Aces star A’ja Wilson wants to make it clear: She didn’t mean to crash Seattle Storm legend Sue Bird’s party.
“I mean, she invited me to the party,” Wilson said. “I was just trying to have some fun, lighten it up a little bit.”
Bird, a five-time Olympic gold medalist who will retire after the season, played her final regular-season game in Seattle on Sunday before a sellout crowd of 18,100 at Climate Pledge Arena. But Wilson and the Aces spoiled the guard’s send-off with an 89-81 victory.
“I’m not going to lie; it kind of sucks to lose my last game,” Bird said. “But, you know what, I lost my first game, too. So it’s OK.”
Wilson also thought it was OK.
“This is a big night for her,” she said. “I’m sure it’s going to continue to be a big night for her, and it’s all love, for sure.”
Wilson had 29 points on 13-for-24 shooting. Aces guard Kelsey Plum scored 16, including a key 3-pointer late in the game, and wing Jackie Young and point guard Chelsea Gray added 15 apiece.
Seattle (20-13) got a game-high 35 points from star forward Breanna Stewart, who hit 10 of 18 shots, including 4 of 5 on 3-pointers. But fellow All-Star Jewell Loyd scored only one point and shot 0 of 6.
Bird, who is retiring after 19 WNBA seasons at age 41, had nine points and six assists.
“To be so good for so long,” said Aces coach Becky Hammon, an opponent of Bird’s in her first WNBA game on May 30, 2002. “A lot of people you have nine to 10 years of being amazing. She’s been amazing for decades.”
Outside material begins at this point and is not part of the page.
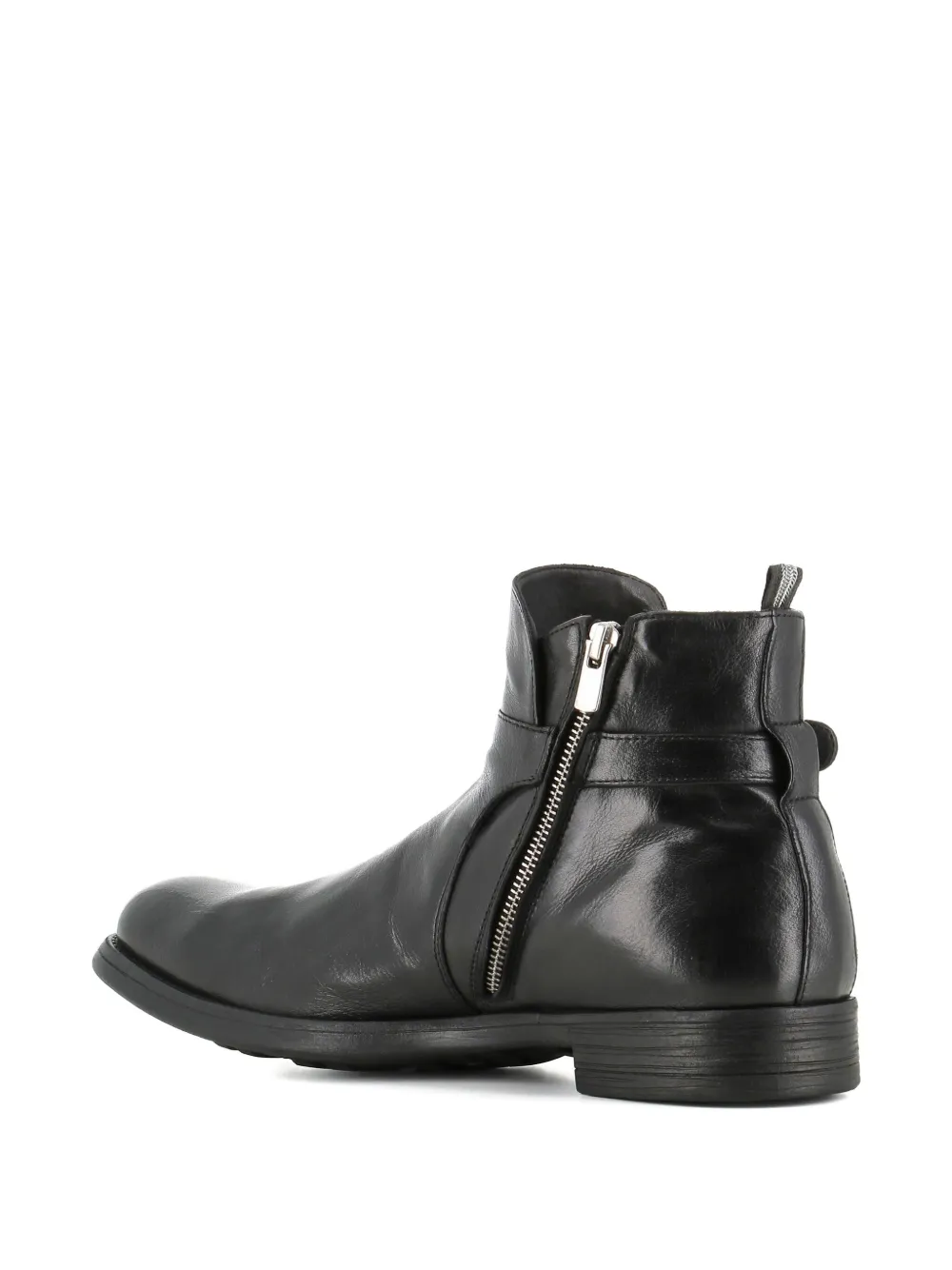 Officine Creative buckle zip boots Black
The victory snapped the Aces’ two-game losing streak. They haven’t lost more than two consecutive games this season.
The Aces (23-10) return to Michelob Ultra Arena on Tuesday for the first time since July 23, hosting the Atlanta Dream at 7 p.m.
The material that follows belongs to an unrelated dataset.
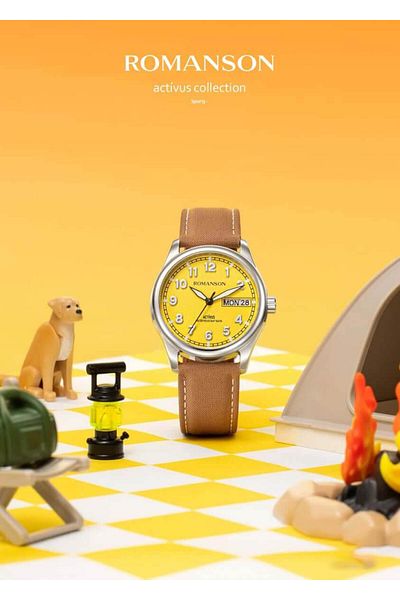Romanson Alfm4Bs015Egad1W Steel Case Leather Cord Calendar Silver Color Men's Wristwatch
Here are three takeaways from Sunday’s victory:
1. Aces change lineup
Hammon changed her starting lineup, bringing two-time sixth player of the year Dearica Hamby off the bench for the first time this season. Center Kiah Stokes replaced her in the lineup.
“That’s going to be our lineup going forward,” Hammon said. “It was just about putting Dearica in some better spots to help. She’s still going to play a lot of minutes because she’s such a great defender, but we just wanted to mix it up a little bit.”
Hamby has struggled since the All-Star break. She’s at her best running as part of the fast break, but the Aces’ defense hasn’t produced as many of those opportunities. Hamby has scored in double figures once since July 3 and is 1 of 23 on 3-pointers since the All-Star break.
“She was really great about it, a total pro,” Hammon said.
Stokes didn’t score, but grabbed a team-best nine rebounds. She also had a steal, a block and three assists in 28 minutes.
Hamby had six points and five rebounds in 17 minutes.
2. MVP front-runners clash
The day belonged to Bird, but fans also got to watch MVP front-runners Wilson, 26, and Stewart, 27, go head-to-head.
Wilson was in rhythm from the start, scoring 18 first-half points. No other Aces player had more than seven. She particularly shined in the midrange, hitting an array of turnaround jumpers against the vaunted Seattle defense.
“Every time someone comes to a game, I want to put on a show,” Wilson said. “This is my job. I love what I do.”
Stewart erupted in the second half for 21 points. When she couldn’t find an open look, she forced her way to the free-throw line, where she went 11 of 15.
“I always love competing against her,” Wilson said.
3. Aces stay composed
Wilson knew she needed a big performance. In the Aces’ previous game, an 82-80 loss to the Dallas Wings, she missed a wide-open, game-tying layup with less than five seconds remaining.
“It made my stomach hurt,” Wilson said. “I was sick.”
On Sunday, every time the Storm made a run, the Aces had an answer. Plum had the biggest one, hitting a 3 from the corner with 34 seconds left for an 88-79 lead.
Gray (nine) and Wilson (six) combined for 15 of the Aces’ 21 fourth-quarter points. Gray added nine assists, six rebounds and two steals for the game.
“You can’t get too high with your highs, and you can’t get too low with your lows,” Wilson said. “I think we really just honed in on doing what we do best and stayed within ourselves.”